* **Exercise instructions**: Restate the records that follow word for word. Omit the images.

##### Data listing #####

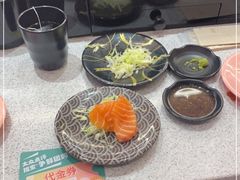 -争鲜回转寿司(太阳宫凯德PLUS店)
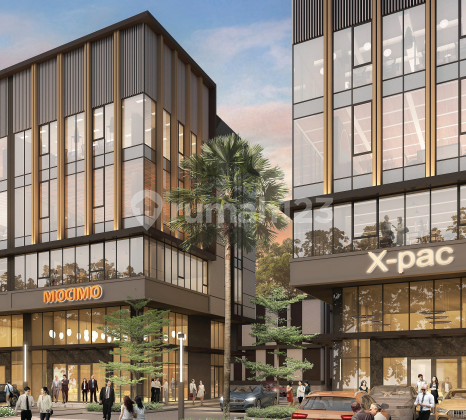 City Hub By Summarecon Serpong - By Rumah Chinida City Hub By Summarecon Serpong - By Rumah Chinida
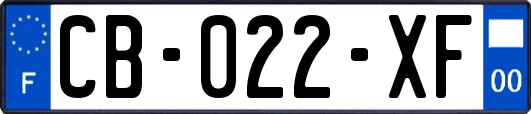 CB-022-XF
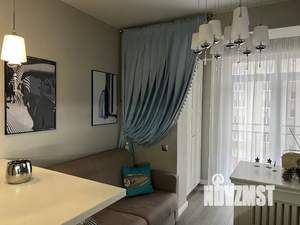 1-к квартира, посуточно, 50м2, 5/5 этаж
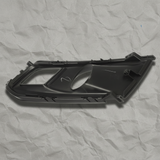 2019-2021 Honda Passport Driver Side Fog Lamp Bezel Trim - Full View 2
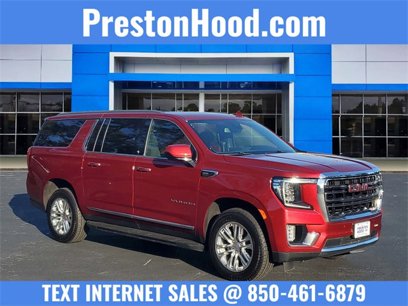 Certified 2023 GMC Yukon XL SLT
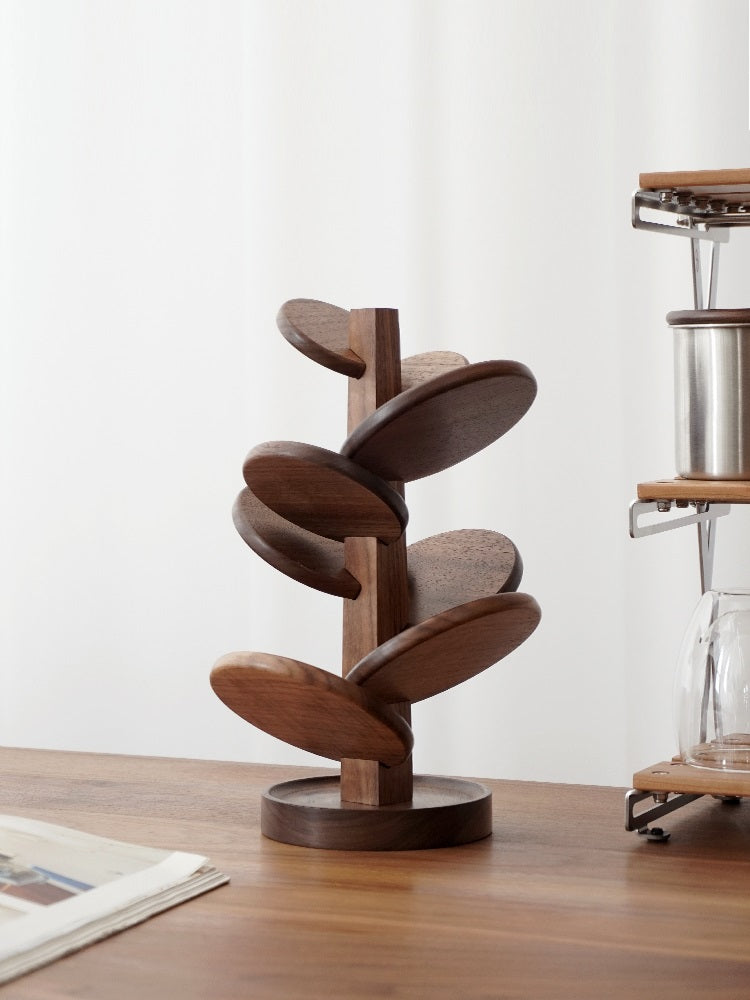 ScandiTree Coaster Set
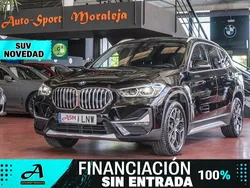 Negro Usado 2021 BMW X1 Sport Line SUV | 24.900 € (Un poco caro)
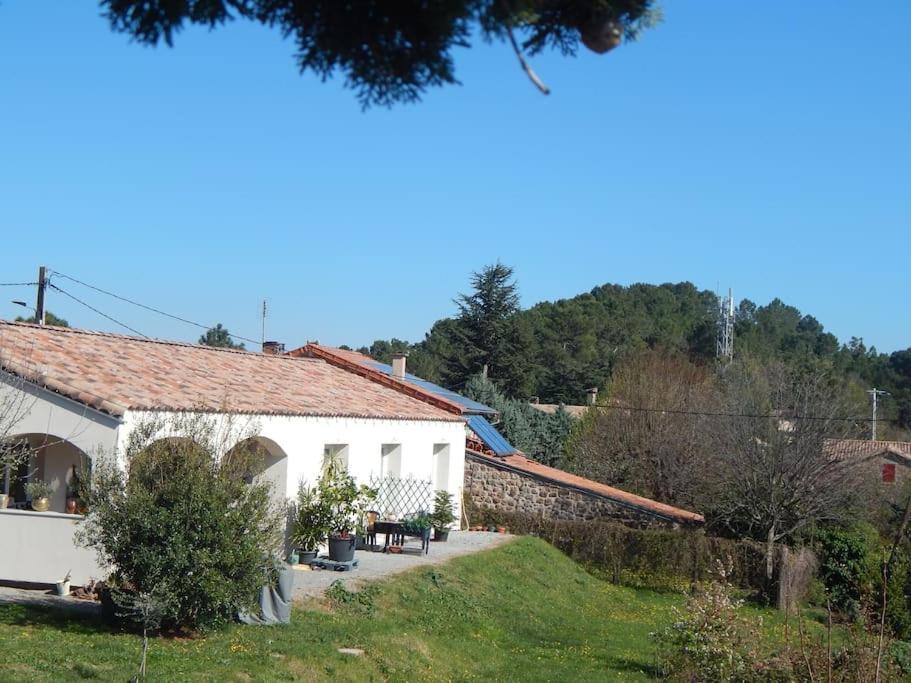 Le Chausse A Bres D'hotes 2 * Payzac (Ardeche)
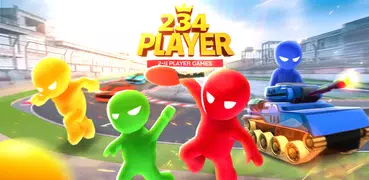 2、3、4人迷你多人遊戲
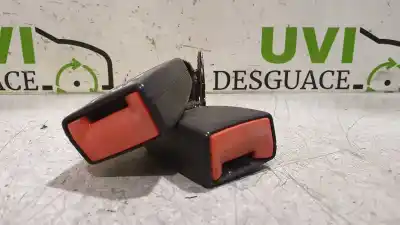 Автозапчастина б/у задній лівий ремін безпеки для jaguar x-type 2.0 v6 посилання на oem iam 4x43f613k21  4x43f613k21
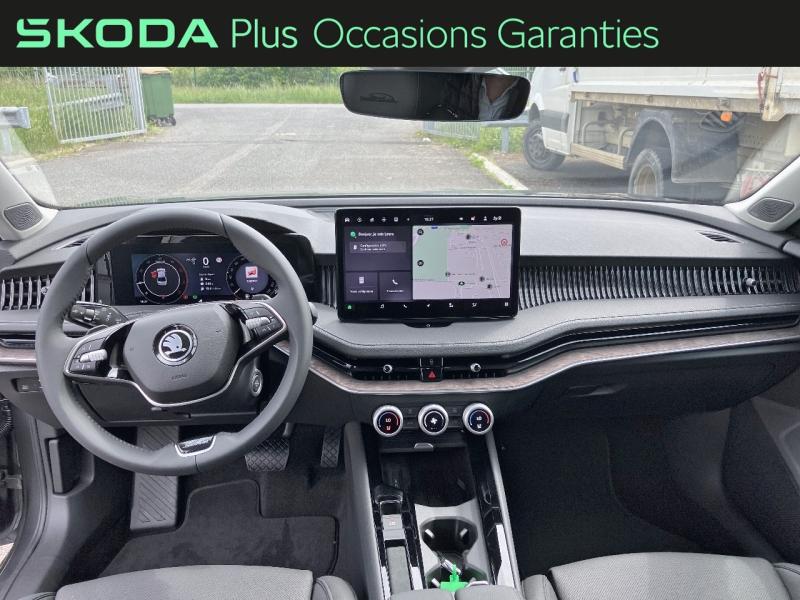 Voitures occasions ŠKODA SUPERB Laurin & Klement Tomblaine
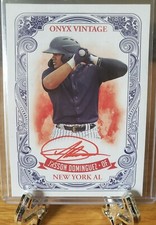 2021 Onyx Vintage Baseball Cards 26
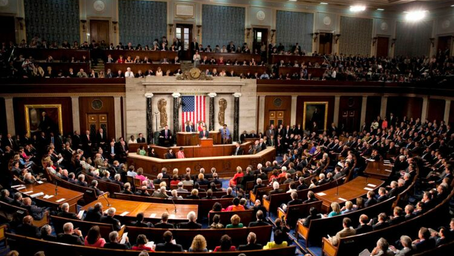US House approves crypto bill for regulation.
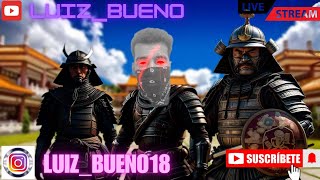 LUIZ BUENO JOGANDO GOST OF TSUSHIMA PARTE 3 [upl. by Nnazil]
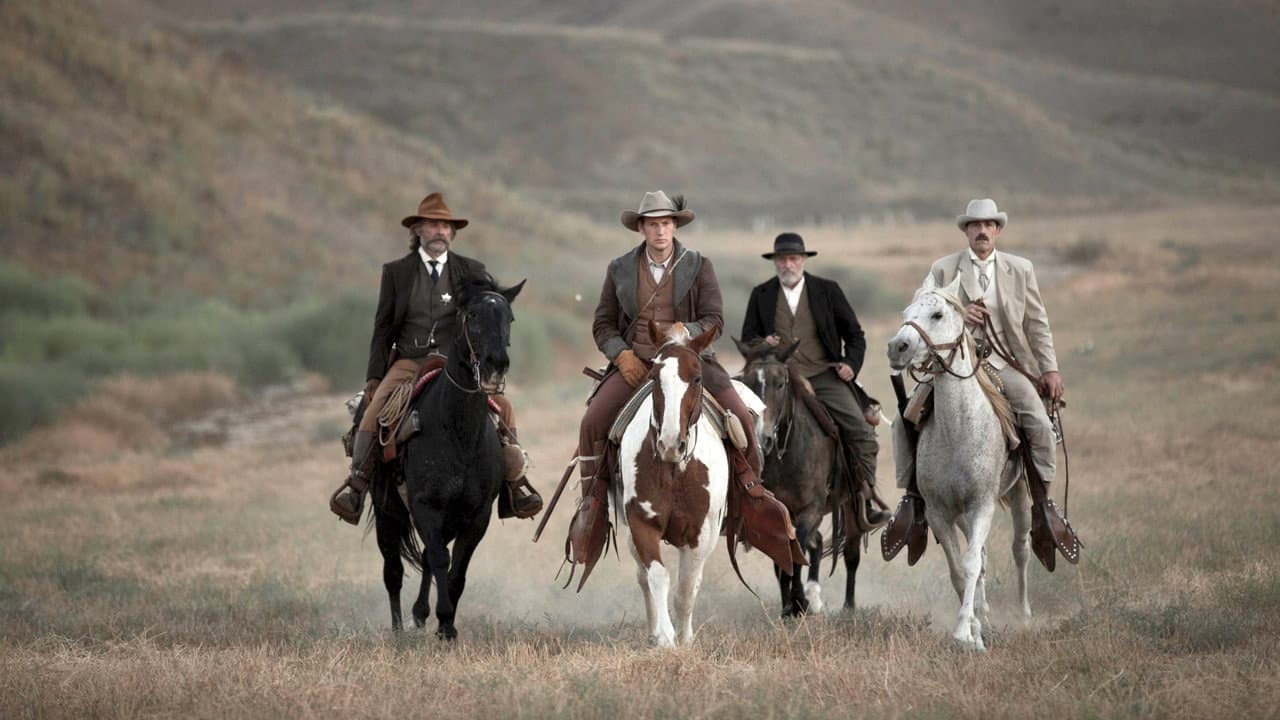 Bone Tomahawk — backdrops 7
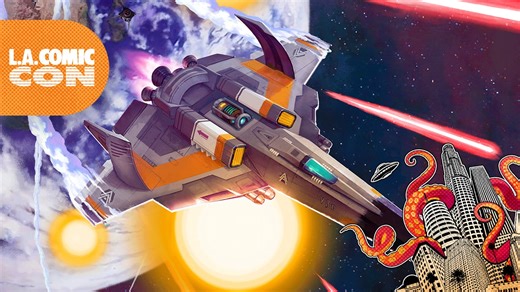Rogue Flight - Game Overview | LA Comic Con 2024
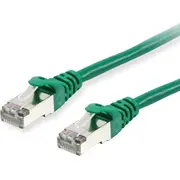 Equip Patch Cat6  S/Ftp 2Xrj45 40.00M grün 615546 4015867234693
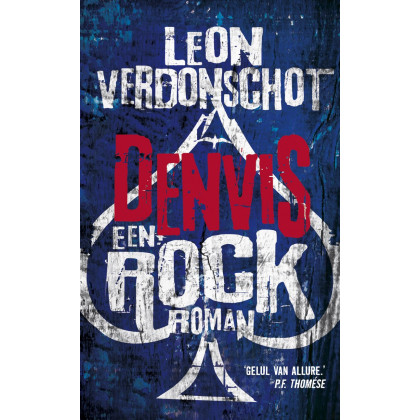 Denvis een rockroman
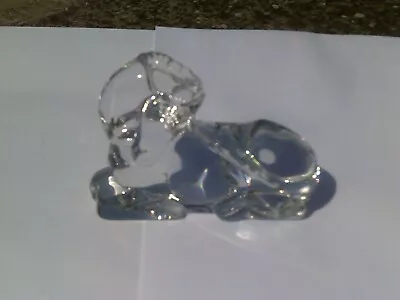 Buy Baccarat Crystal / Glass FRANCE - Unicorn • 5.50£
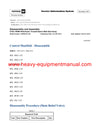 Download Caterpillar CX31-C18I PETROLEUM PACKAGE Service Repair Manual PDC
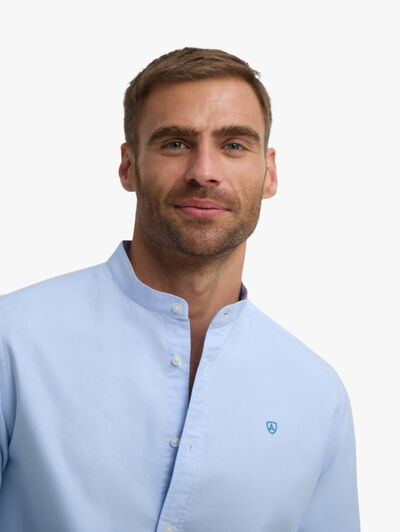 CAMISA OXFORD MAO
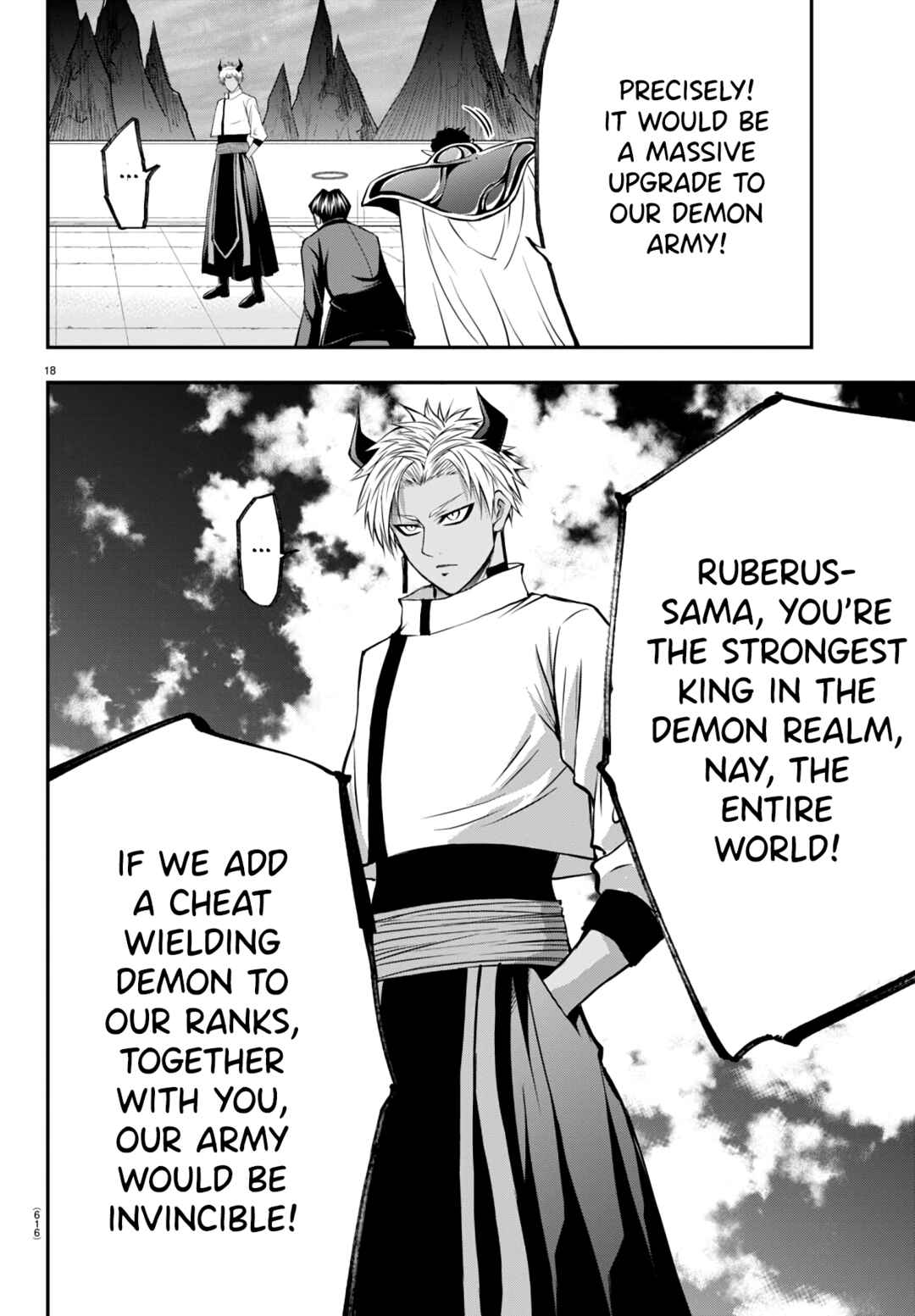 Page 18 Chapter 13 IseGure - Isekai Cheat Musou - Ore TUEEE-kei Ikiri Tenseisha ni Kamaseinu ni sare Tsuzuketa Elite Kishi, Chou Gureru.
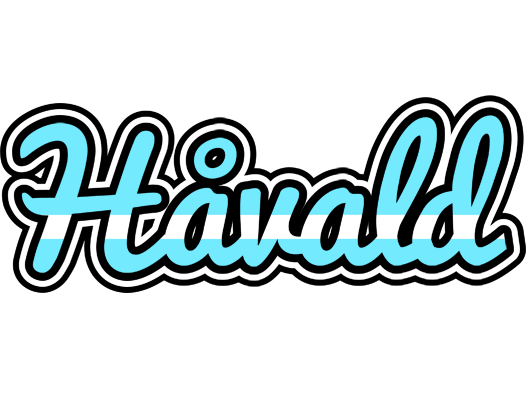 Håvald argentine logo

#####

* **Task response**:
 -争鲜回转寿司(太阳宫凯德PLUS店)
 City Hub By Summarecon Serpong - By Rumah Chinida City Hub By Summarecon Serpong - By Rumah Chinida
 CB-022-XF
 1-к квартира, посуточно, 50м2, 5/5 этаж
 2019-2021 Honda Passport Driver Side Fog Lamp Bezel Trim - Full View 2
 Certified 2023 GMC Yukon XL SLT
 ScandiTree Coaster Set
 Negro Usado 2021 BMW X1 Sport Line SUV | 24.900 € (Un poco caro)
 Le Chausse A Bres D'hotes 2 * Payzac (Ardeche)
 2、3、4人迷你多人遊戲
 Автозапчастина б/у задній лівий ремін безпеки для jaguar x-type 2.0 v6 посилання на oem iam 4x43f613k21  4x43f613k21
 Voitures occasions ŠKODA SUPERB Laurin & Klement Tomblaine
 2021 Onyx Vintage Baseball Cards 26
US House approves crypto bill for regulation.
 LUIZ BUENO JOGANDO GOST OF TSUSHIMA PARTE 3 [upl. by Nnazil]
 Bone Tomahawk — backdrops 7
Rogue Flight - Game Overview | LA Comic Con 2024
 Equip Patch Cat6  S/Ftp 2Xrj45 40.00M grün 615546 4015867234693
 Denvis een rockroman
 Buy Baccarat Crystal / Glass FRANCE - Unicorn • 5.50£
 Download Caterpillar CX31-C18I PETROLEUM PACKAGE Service Repair Manual PDC
 CAMISA OXFORD MAO
 Page 18 Chapter 13 IseGure - Isekai Cheat Musou - Ore TUEEE-kei Ikiri Tenseisha ni Kamaseinu ni sare Tsuzuketa Elite Kishi, Chou Gureru.
 Håvald argentine logo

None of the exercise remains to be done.